Cosgrove et al., (1992) found that re-alimentation of feed restricted gilts or extra feed (
Cox, 1997) increased follicular growth and diameter. Energy status is generally considered a major nutritional factor that influences folliculogenesis (
Moonmaneea and Yammuen-art, 2015).
Moreover, feed additives to animal rations as urea and others effect on follicle development, oocyte quality and FF composition
(Mohammed et al., 2011, Mohammed et al., 2012; Mohammed and Al-Suwaiegh 2016;
Mohammed 2017;
Mohammed and Al-Hozab 2020). As discussed, level of nutrition and feed additive were influenced development of follicles and their follicular fluid’ composition. Consequently, further studies are still required to investigate the changes of follicular fluid and their effects on oocyte maturation
in vitro and further embryo development upon levels of nutrition or feed additives.

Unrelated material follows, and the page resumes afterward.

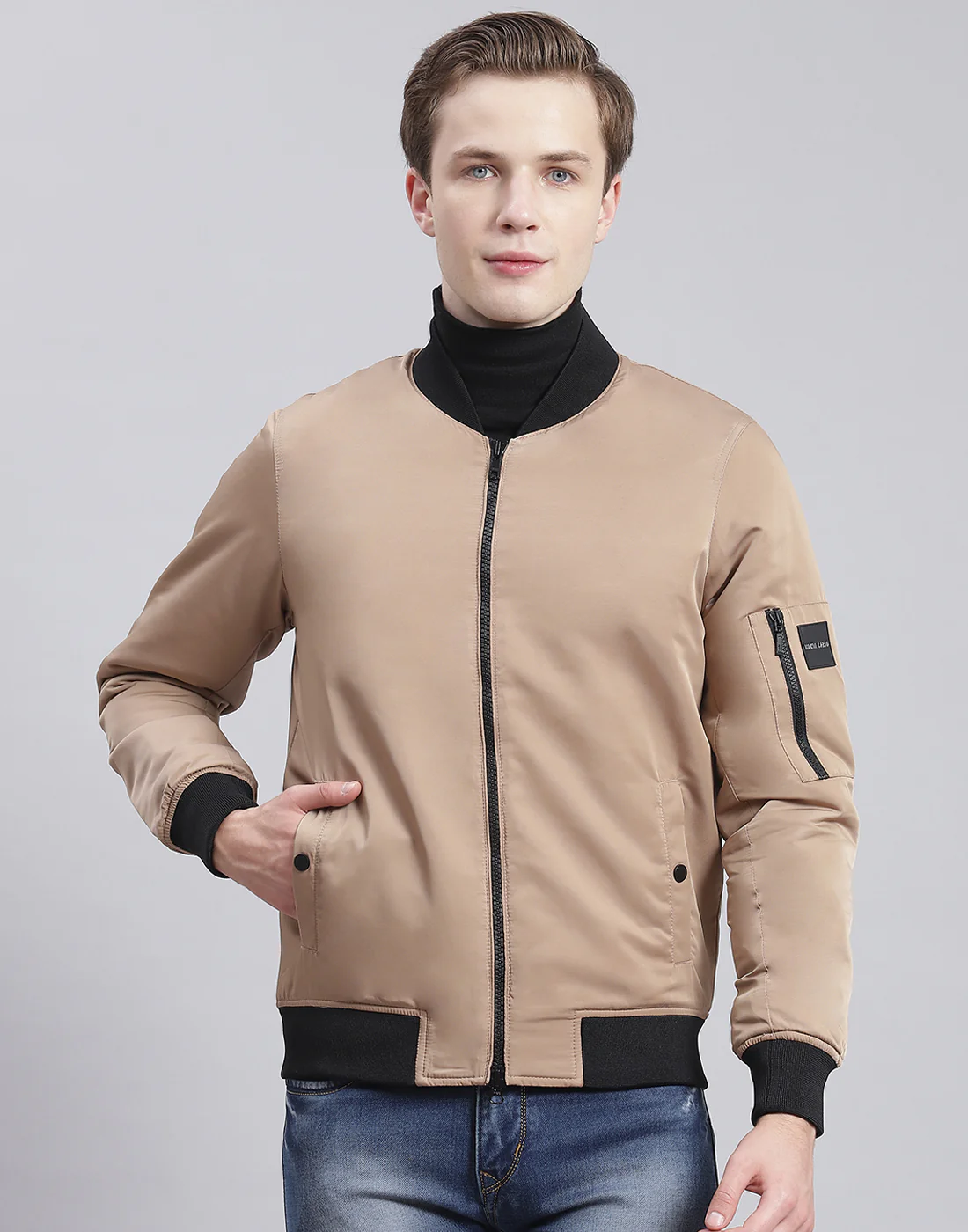 Men Beige Solid Stand Collar Full Sleeve Jacket - Image 2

Concluding thoughts and perspective remarks
Follicle size and level of nutrition are known to affect FF compositions. Studies used FF during
in vitro maturation were carried out irrespective of level of nutrition. Studies are still required to investigate the effects of FF collected under different level of nutrition on
in vitro oocytes’ maturation and their developmental competence to embryos. We could expect from the aforementioned discussion that using diluted concentration of FF (10-50%) during oocytes’ maturation improves their maturation and development of embryos.